################################################################################
# Copyright (c) 2021 ContinualAI. #
# Copyrights licensed under the MIT License. #
# See the accompanying LICENSE file for terms. #
# #
# Date: 12-05-2020 #
# Author(s): Lorenzo Pellegrini #
# E-mail: contact@continualai.org #
# Website: avalanche.continualai.org #
################################################################################
""" Common benchmarks/environments utils. """
from collections import OrderedDict, defaultdict, deque
from typing import (
TYPE_CHECKING,
Any,
Callable,
Generic,
Iterator,
List,
Iterable,
Mapping,
Optional,
Sequence,
TypeVar,
Union,
Dict,
SupportsInt,
)
import warnings
import torch
from torch import Tensor
from torch.utils.data import Subset, ConcatDataset
from .data import AvalancheDataset
from .data_attribute import DataAttribute
from .dataset_definitions import (
ISupportedClassificationDataset,
)
from .dataset_utils import (
SubSequence,
find_list_from_index,
)
from .flat_data import ConstantSequence
from .transform_groups import (
TransformGroupDef,
TransformGroups,
XTransform,
YTransform,
)
if TYPE_CHECKING:
from .classification_dataset import TaskAwareClassificationDataset
T_co = TypeVar("T_co", covariant=True)
TAvalancheDataset = TypeVar("TAvalancheDataset", bound="AvalancheDataset")
def tensor_as_list(sequence) -> List:
# Numpy: list(np.array([1, 2, 3])) returns [1, 2, 3]
# whereas: list(torch.tensor([1, 2, 3])) returns ->
# -> [tensor(1), tensor(2), tensor(3)]
#
# This is why we have to handle Tensor in a different way
if isinstance(sequence, list):
return sequence
if not isinstance(sequence, Iterable):
return [sequence]
if isinstance(sequence, Tensor):
return sequence.tolist()
return list(sequence)
def _indexes_grouped_by_classes(
targets: Sequence[int],
patterns_indexes: Union[None, Sequence[int]],
sort_indexes: bool = True,
sort_classes: bool = True,
) -> Union[List[int], None]:
result_per_class: Dict[int, List[int]] = OrderedDict()
result: List[int] = []
indexes_was_none = patterns_indexes is None
if patterns_indexes is not None:
patterns_indexes = tensor_as_list(patterns_indexes)
else:
patterns_indexes = list(range(len(targets)))
targets = tensor_as_list(targets)
# Consider that result_per_class is an OrderedDict
# This means that, if sort_classes is True, the next for statement
# will initialize "result_per_class" in sorted order which in turn means
# that patterns will be ordered by ascending class ID.
classes = torch.unique(torch.as_tensor(targets), sorted=sort_classes).tolist()
for class_id in classes:
result_per_class[class_id] = []
# Stores each pattern index in the appropriate class list
for idx in patterns_indexes:
result_per_class[targets[idx]].append(idx)
# Concatenate all the pattern indexes
for class_id in classes:
if sort_indexes:
result_per_class[class_id].sort()
result.extend(result_per_class[class_id])
if result == patterns_indexes and indexes_was_none:
# Result is [0, 1, 2, ..., N] and patterns_indexes was originally None
# This means that the user tried to obtain a full Dataset
# (indexes_was_none) only ordered according to the sort_indexes and
# sort_classes parameters.
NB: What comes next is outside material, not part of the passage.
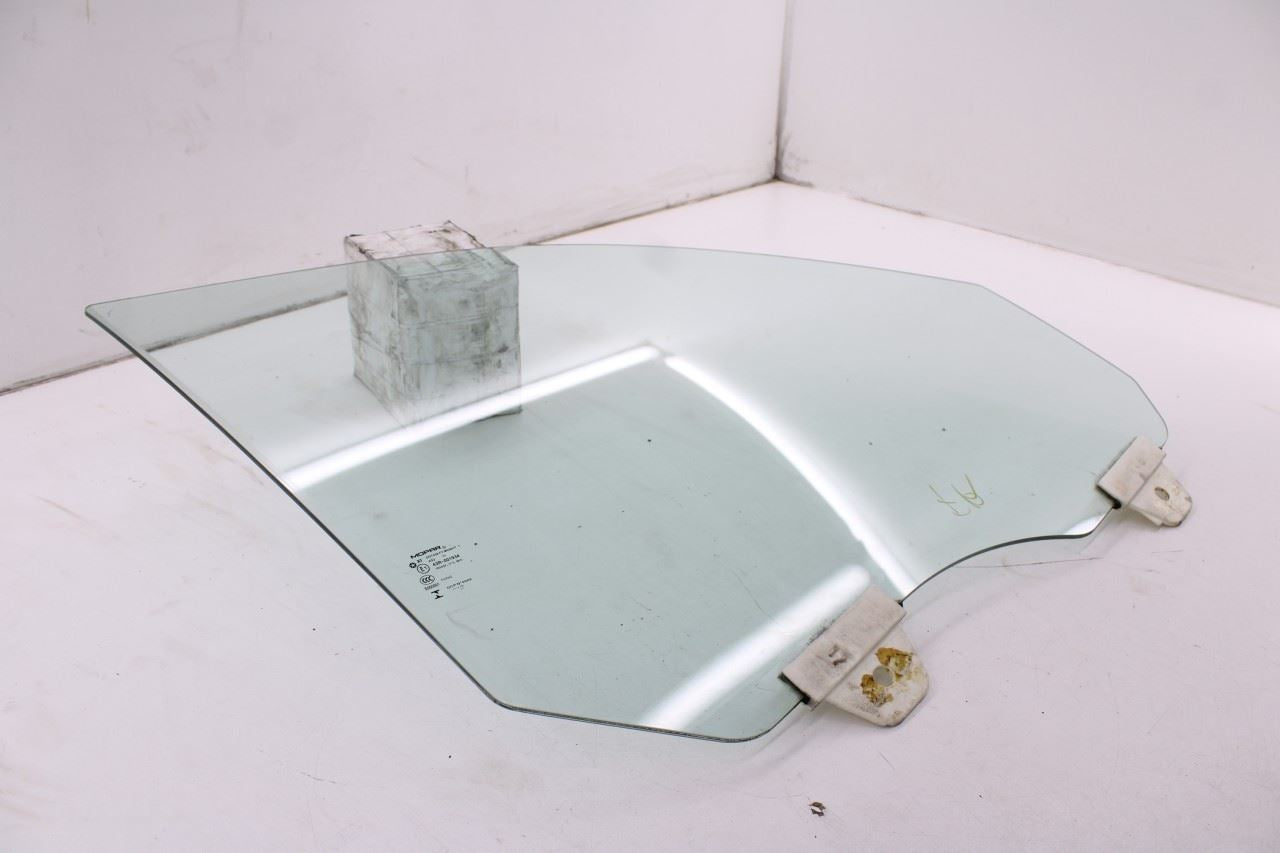2011-2026 Dodge Durango SXT Front Right Door Window Movable Glass 68068670AC2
However, sort_indexes+sort_classes returned
# the plain pattern sequence as it already is. So the original Dataset
# already satisfies the sort_indexes+sort_classes constraints.
# By returning None, we communicate that the Dataset can be taken as-is.
return None
return result
def grouped_and_ordered_indexes(
targets: Sequence[int],
patterns_indexes: Union[None, Sequence[int]],
bucket_classes: bool = True,
sort_classes: bool = False,
sort_indexes: bool = False,
) -> Union[List[int], None]:
"""
Given the targets list of a dataset and the patterns to include, returns the
pattern indexes sorted according to the ``bucket_classes``,
``sort_classes`` and ``sort_indexes`` parameters.
:param targets: The list of pattern targets, as a list.
:param patterns_indexes: A list of pattern indexes to include in the set.
If None, all patterns will be included.
:param bucket_classes: If True, pattern indexes will be returned so that
patterns will be grouped by class. Defaults to True.
:param sort_classes: If both ``bucket_classes`` and ``sort_classes`` are
True, class groups will be sorted by class index. Ignored if
``bucket_classes`` is False. Defaults to False.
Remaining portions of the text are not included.